Eppure, viviamo in un mondo dove l’occidente è assediato da ogni fronte, dove il terrore e gli attentanti ci induriscono un giorno alla volta. Ho provato a riportare alla mente gli eventi degli ultimi anni, ma non ci sono riuscito. Guardando la lista pubblicata su Wikipedia mi si è stretto lo stomaco. Non ce ne accorgiamo nemmeno più. E quando qualcosa non fa più notizia vuol dire che è entrata nel senso comune, diventa parte della vita quotidiana.

E allora mi fermo e mi faccio violenza, ancora, e mi chiedo: posso fare qualcosa?

Sento freddo quando l’unica risposta razionale è: da solo no.

Torno a guardarmi attorno. Un mondo di uomini e donne sole davanti a schermi retro-illuminati.

Mi faccio violenza per l’ultima volta, e mi trovo a sperare di non essere il solo a vederla così.

Sperare è come una droga. Sul serio. E’ un istante, un istante brevissimo. Per un istante i passanti non sono più estranei. L’estate è alle porte coi suoi profumi, i suoi colori, il suo calore. Mi illudo che si potrebbe anche essere felici. Poi mi torna in mente il monologo finale del ‘Grande Dittatore’ di Charlie Chaplin, che sembra sia stato scritto una settimana fa e non nel 1940 e mi accorgo che è doloroso anche sperare, e smetto di farmi del male. Guardo ancora fuori dalla finestra. Se mi guardo attorno vedo solo calcinacci. Calcinacci e un fumo denso che non mi permette né di respirare né di vedere ad un metro avanti a me.

Sento gente urlare, costantemente: chi urla di dolore, chi di rabbia, chi cerca qualcosa o qualcuno.

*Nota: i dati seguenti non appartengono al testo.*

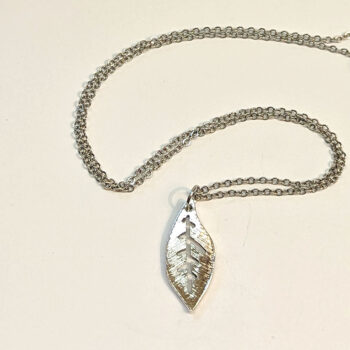 Oval Hollow Leaf Pendant Antique Silver - Image 2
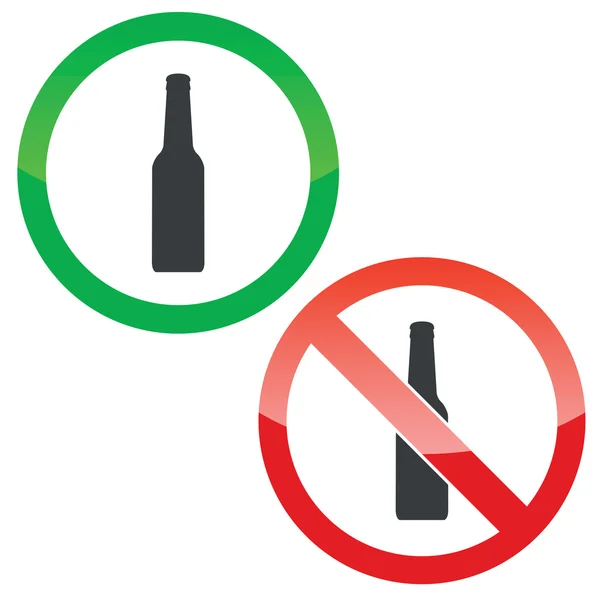 Alcohol permission signs set — Stock Vector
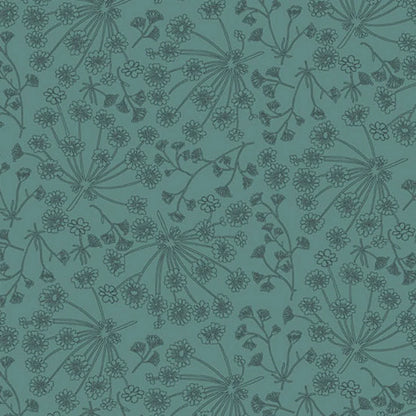 A repeating botanical pattern featuring delicate angelica wildflower stems and tiny blossoms on a cool teal-blue background. 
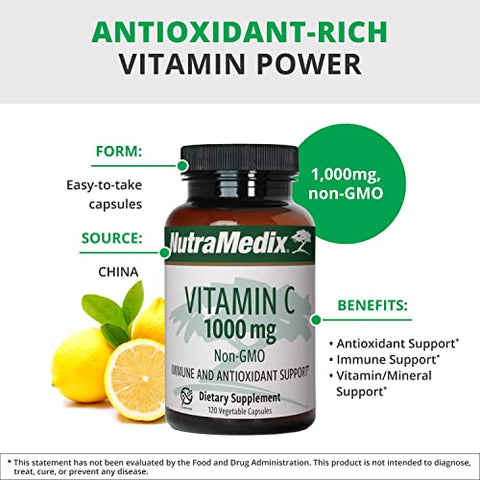 Vitamina C 1000mg – Suporte Imunológico com Antioxidantes - NutraMedix
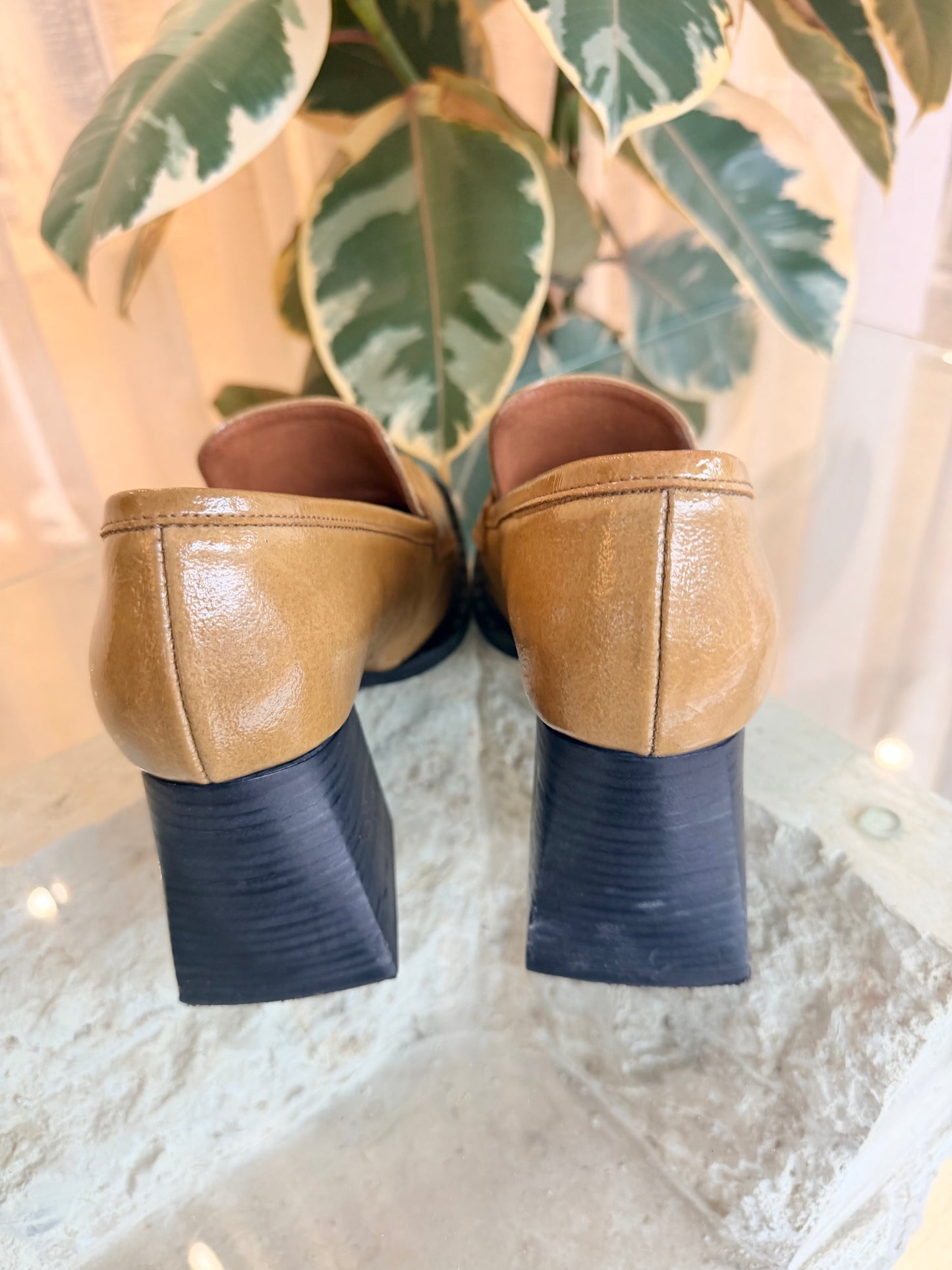 Neo Mustard Patent Heeled Loafers - Size 39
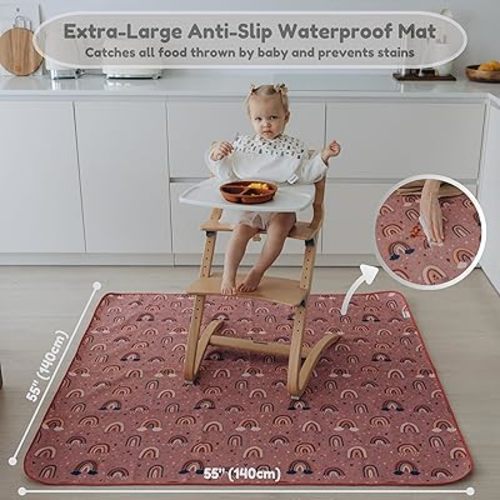 55"x55"Jumbo Thick 4-Layer Baby Splat Mat for Under High Chair, Large Heavy Duty Waterproof Spill Mat, Washable, Extra Anti-Slip Floor Protector for Arts,Crafts,Mess Mat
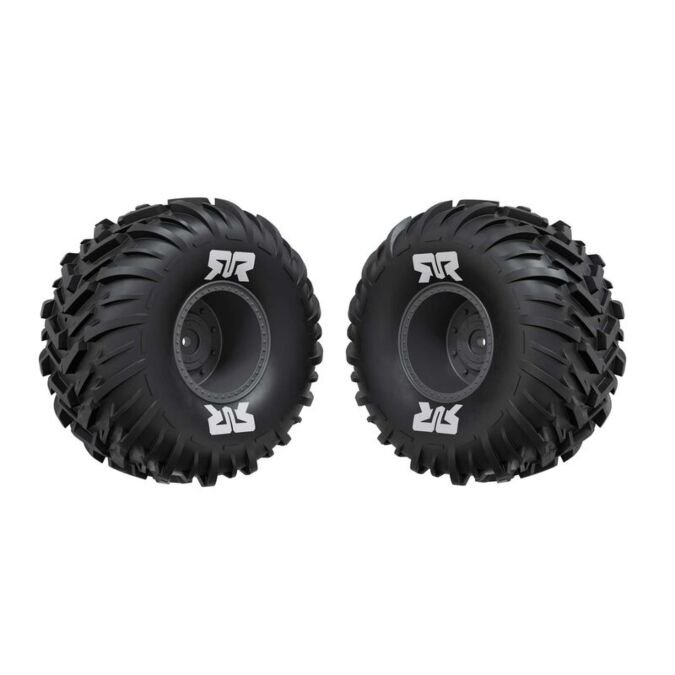 ARRMA dBoots Cut Chevron MT Tire Set Glued, Gun metal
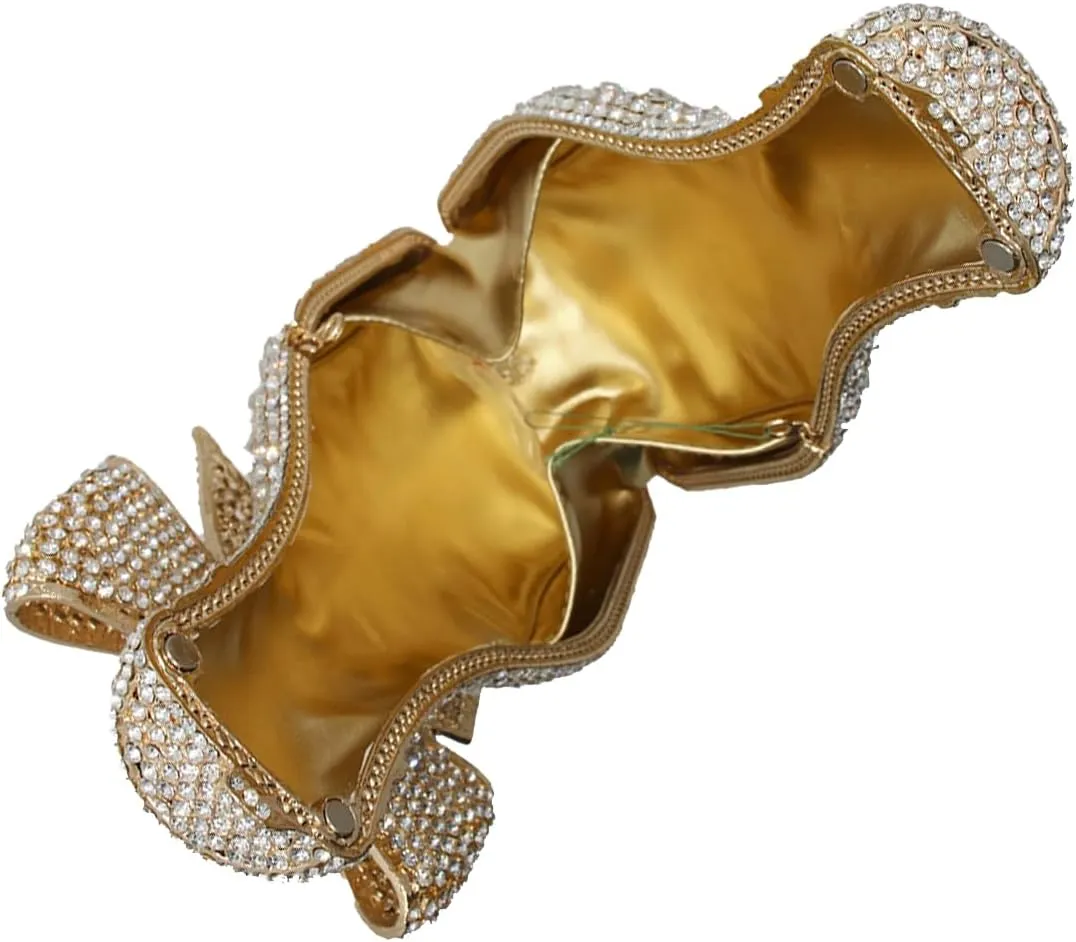 UMREN Women Champagne Bottle Rhinestone Evening Bag Sweet Bow Crystal Purse Clutch Unique Handbag Cocktail Party Shoulder Bag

Io che so solo di avere ancora tutti i miei pezzi al loro posto mi sento fortunato, fin troppo, mi vergogno di questo mentre i calcinacci diventano pezzi di palazzi, pezzi di automobili, rifiuti incendiati e corpi lasciati a loro stessi.
E so che non voglio fare la stessa fine, ma fino a pochi minuti fa questo era un luogo completamente diverso. Aveva i suoi difetti, certo, come ogni angolo del mondo. Aveva le sue storie, le sue beghe, i suoi segreti. Ma non era tutto solo grigio: era un luogo di
vita. Un posto pieno di vita, di vite.
Vite che ora stanno sparse in mezzo a una strada. Il vento sembra portare solo urla cariche d’odio e sirene, che impediscono a chiunque di pensare, di ragionare lucidamente su quanto sta succedendo, 
ci sta succedendo.

E’ solo dopo questa momentanea crisi di panico che apro la finestra e fuori c’è ancora Roma.

C’è il giardino del palazzo in cui abito, la fermata della metropolitana qualche centinaio di metri più avanti. Il traffico scorre sulla Tiburtina come sempre. Vedo qualcuno passare, gli ultimi sono una coppia che avrà la mia età, con una figlia imbottita dentro una giacca lucida che sembra sorridere e guarda i gatti scappare sopra i muretti. Mi ripeto che è stato solo un momento. Che il Futuro non può sembrare solamente simile a quello che credevo di aver visto.